Passalacqua also spent two summers at the Laboratoire EM2C, CNRS, CentraleSupélec, Université Paris-Saclay, where he improved his knowledge about some of the numerical methods used in OpenQBMM collaborating with Frédérique Laurent, a recognized expert in the field.
“When we started working on OpenQBMM, we planned to bring the knowledge to the user that we had as a group of researchers in CoMFRE,” Passalacqua said. “Before creating OpenQBMM, we had done a lot of development of methods to simulate multiphase flows and communicated it through traditional academic channels of publications and conference presentations. With this program, we can combine all of our knowledge and bring it to the user.”
CoMFRE was beginning while the OpenQBMM software was in development. As both the research center and software have grown, CoMFRE has been a key to OpenQBMM’s dissemination.

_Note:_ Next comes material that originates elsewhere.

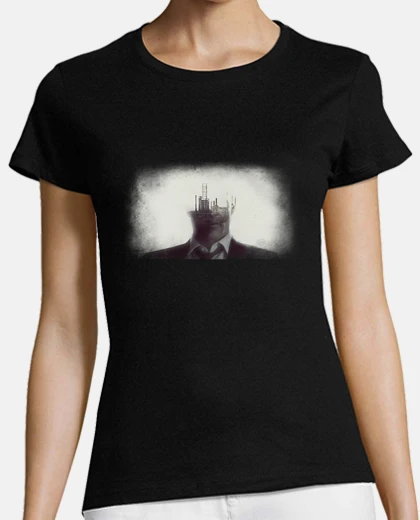 Playera True Detective Face M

“OpenQBMM has gained much visibility, thanks to CoMFRE. It has become an optional module for OpenFOAM, the leading open-source toolkit for CFD, becoming accessible to an international community of scientists and engineers,” Passalacqua said. “Networking is crucial to programs like this because we can write all the code we want, but if it just sits on a website and nobody knows about it or what it can do, then it is very challenging to reach potential users. The outreach CoMFRE does is critical in this sense.”